Od Was zależy efekt finalny, a dokładniej od tego, jaki smak budyniu wybierzecie. W każdym razie chrupiące, rumiane ciasto, które w środku skrywa delikatny krem, wypływający niczym lekko rozpuszczone lody, naprawdę smakuje wyśmienicie.
Polecam serdecznie taki deser zarówno Dzieciom, jak i wszystkim starszym łasuchom!

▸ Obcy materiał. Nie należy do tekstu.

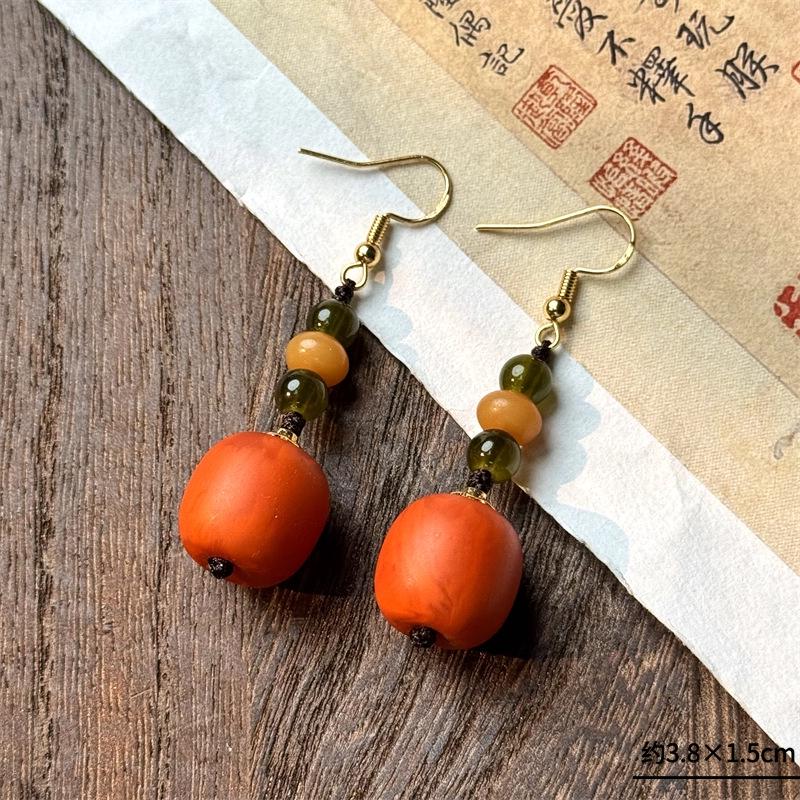 

New Plum Blossom Amber Ethnic Earrings: Cheongsam & Hanfu Accessories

Mam nadzieję, że kogoś namówiłam do przygotowania, bo są taaakie dobre!
Składniki:
Ciasto na naleśniki (u mnie 8 sztuk, smażonych na dużej patelni):
- 2 duże jajka
- 1 szklanka mleka
- ok. 0,5 szklanki lekko gazowanej wody mineralnej
- 1 pełna łyżeczka domowego cukru waniliowego
- 6-8 czubatych łyżek mąki pszennej
- szczypta soli
- 4 łyżki oleju
Krem budyniowy:
- 250 g. serka mascarpone
- 2-3 łyżeczki cukru pudru (do smaku)
- 2 pełne łyżki budyniu śmietankowego w proszku (bez cukru)
Dodatkowo:
- cukier puder do posypania naleśników
- olej i masło do smażenia
Przygotowanie:
Ciasto:
Do miski wbijam jajka, dodaję do nich mleko, sól i cukier waniliowy, ubijam chwilę trzepaczką by się połączyły.
Potem ubijając dalej stopniowo dodaję mąkę i wodę, aż powstanie bardzo gładkie, lejące się ciasto.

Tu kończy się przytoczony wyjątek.